About this task -> Using the records that appear below, write out exactly the lines from the one with "Pug Duck Figurine" through the one with "360 Checkered Forex Pyjamahose - grau", keeping both end lines.

Given data ->
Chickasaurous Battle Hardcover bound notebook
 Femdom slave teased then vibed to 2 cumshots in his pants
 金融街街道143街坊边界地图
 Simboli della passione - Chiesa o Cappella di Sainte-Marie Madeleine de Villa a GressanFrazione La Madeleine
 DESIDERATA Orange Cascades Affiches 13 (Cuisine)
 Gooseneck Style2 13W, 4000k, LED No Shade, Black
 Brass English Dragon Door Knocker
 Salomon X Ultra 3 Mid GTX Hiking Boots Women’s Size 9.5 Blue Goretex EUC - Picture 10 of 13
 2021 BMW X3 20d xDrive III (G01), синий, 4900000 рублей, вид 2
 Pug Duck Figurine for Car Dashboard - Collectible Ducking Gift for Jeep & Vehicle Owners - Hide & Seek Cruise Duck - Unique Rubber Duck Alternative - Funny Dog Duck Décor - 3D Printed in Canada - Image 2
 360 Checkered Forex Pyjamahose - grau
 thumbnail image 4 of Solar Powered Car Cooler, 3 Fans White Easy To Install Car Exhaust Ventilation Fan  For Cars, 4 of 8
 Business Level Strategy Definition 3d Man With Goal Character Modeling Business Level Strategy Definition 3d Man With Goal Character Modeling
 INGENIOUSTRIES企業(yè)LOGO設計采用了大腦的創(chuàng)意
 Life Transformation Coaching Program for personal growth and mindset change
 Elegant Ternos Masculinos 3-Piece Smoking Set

Task response ->
 Pug Duck Figurine for Car Dashboard - Collectible Ducking Gift for Jeep & Vehicle Owners - Hide & Seek Cruise Duck - Unique Rubber Duck Alternative - Funny Dog Duck Décor - 3D Printed in Canada - Image 2
 360 Checkered Forex Pyjamahose - grau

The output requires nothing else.